### Exercise description
Only the pictures are to be dropped; the rest of the data below is to be duplicated exactly.

══ Provided material ══

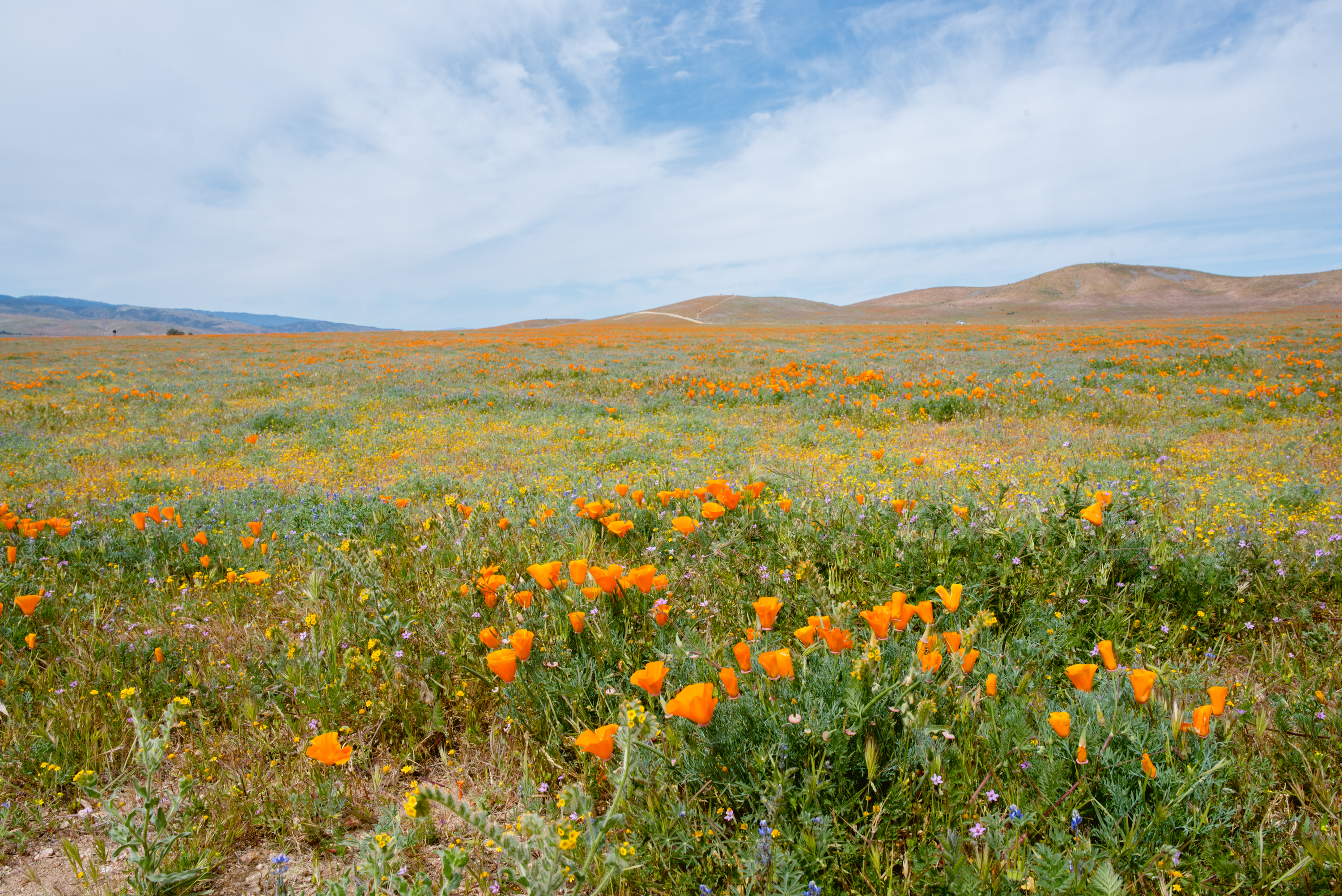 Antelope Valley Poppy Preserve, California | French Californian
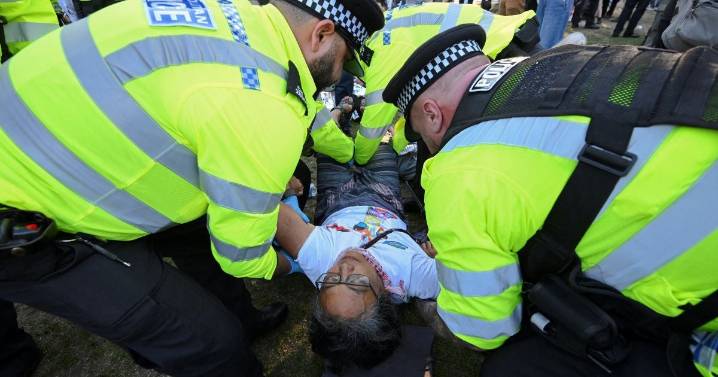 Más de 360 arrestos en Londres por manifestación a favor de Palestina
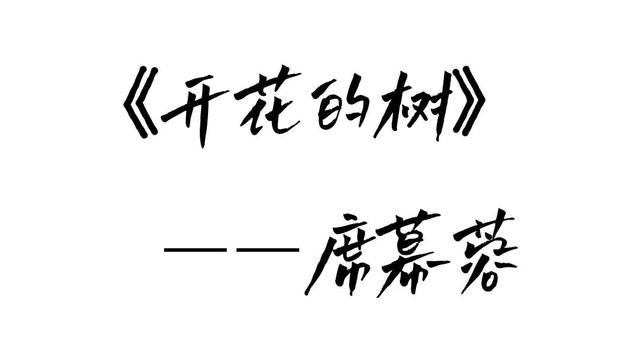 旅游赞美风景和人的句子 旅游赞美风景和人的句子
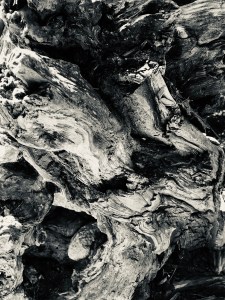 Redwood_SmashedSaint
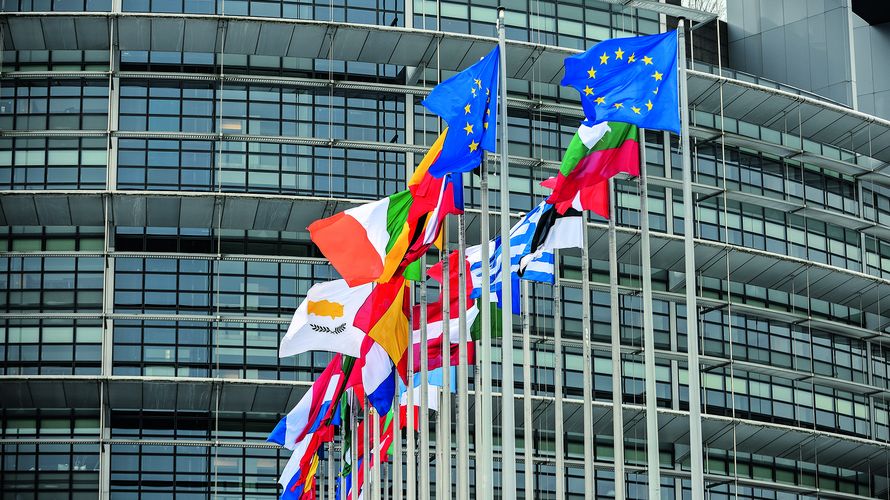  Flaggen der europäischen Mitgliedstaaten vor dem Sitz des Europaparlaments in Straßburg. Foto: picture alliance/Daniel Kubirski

═══

### Finished exercise
 Antelope Valley Poppy Preserve, California | French Californian
 Más de 360 arrestos en Londres por manifestación a favor de Palestina
 旅游赞美风景和人的句子 旅游赞美风景和人的句子
 Redwood_SmashedSaint
  Flaggen der europäischen Mitgliedstaaten vor dem Sitz des Europaparlaments in Straßburg. Foto: picture alliance/Daniel Kubirski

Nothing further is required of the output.